# * Travertine Tile Intall Tips *



## SpecialistSteve (Jan 14, 2011)

Hey guys, getting ready to pull up builder grade laminate hardwood in my kitchen and put down tile. I was pretty well set to go with 16x16 ceramic, but upon the trip to HD I found that they had some beautiful 18x18 trav on sale for $1.99 sq ft. For the extra couple hundred bucks [i have about 250sq ft] I think it is a no brain-er to go with the trav. I have done many ceramic tile jobs over the years and a few slate floors, but never Trav itself. 

From searching/reading other threads here it seems that it is best to seal before grouting--and again after [going for the wet look]. Just wondering if some of you more versed pros could offer any other practical app tips? Also doing some coil heating around the island and appliance areas. Any recommendations for that, and for the backer board. Also planning on using a darker grey grout. Many thanks in advance! --Steve


----------



## angus242 (Oct 20, 2007)

Over slab or framing?


----------



## SpecialistSteve (Jan 14, 2011)

over framing-


----------



## HandyHails (Feb 28, 2009)

Just keep in mind that travertine scratches easily. Depending on the wear and tear you're kitchen will be getting I usually recommend against travertine in the kitchen for large families w/ young children.
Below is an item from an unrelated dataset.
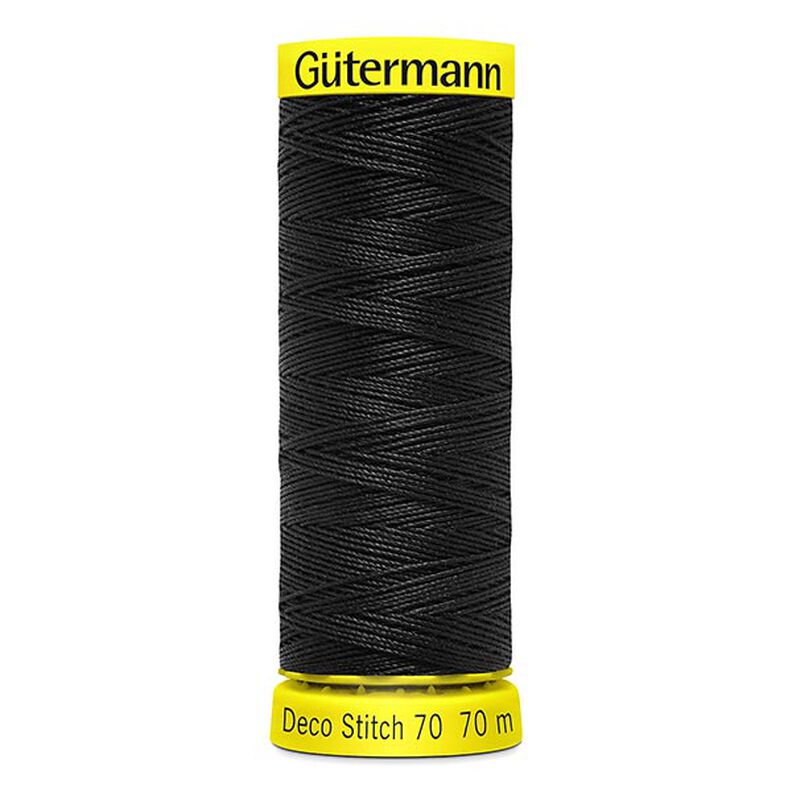 Fil à coudre Déco Stitch 70 (000) | 70m | Gütermann,  image number 1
That being said, you will want a good solid foundation for the installation of such large tile. Depending on the type of subfloor you have and the type and spacing of the joists you may have to install another layer of plywood over what you already have top stiffen up the floor. Obviously you will need to cut these w/ a wet saw and they generally cut very nicely. 

1/2 x 1/2 trowel and back buttering the tile will help you to end up w/ a nice even surface using such large tile.

Seal these w/ a solvent based high quality sealer before grouting and I generally wipe the tile w/ a damp sponge right before I grout and this seems to help to clean these up a little easier. After the tile is cleaned up and dry for 24 hours seal again w/ the same sealant.

Are these rough pitted tile, honed and filled, or polished tile?


----------



## angus242 (Oct 20, 2007)

Before you get all hyped about cheap travertine, you need to know your deflection rating.

Natural stone needs no less than a L/720. Most homes are _not_ built that way.

If you don't know, get this info:

Joist size:
Joist spacing:
Longest unsupported span:
Species:
Current subfloor material:


----------



## CookeCarpentry (Feb 26, 2009)

Subfloor deflection is going to be your biggest concern.

At least another layer of plywood before installing your underlayment - have you thought about Ditra?


----------



## CookeCarpentry (Feb 26, 2009)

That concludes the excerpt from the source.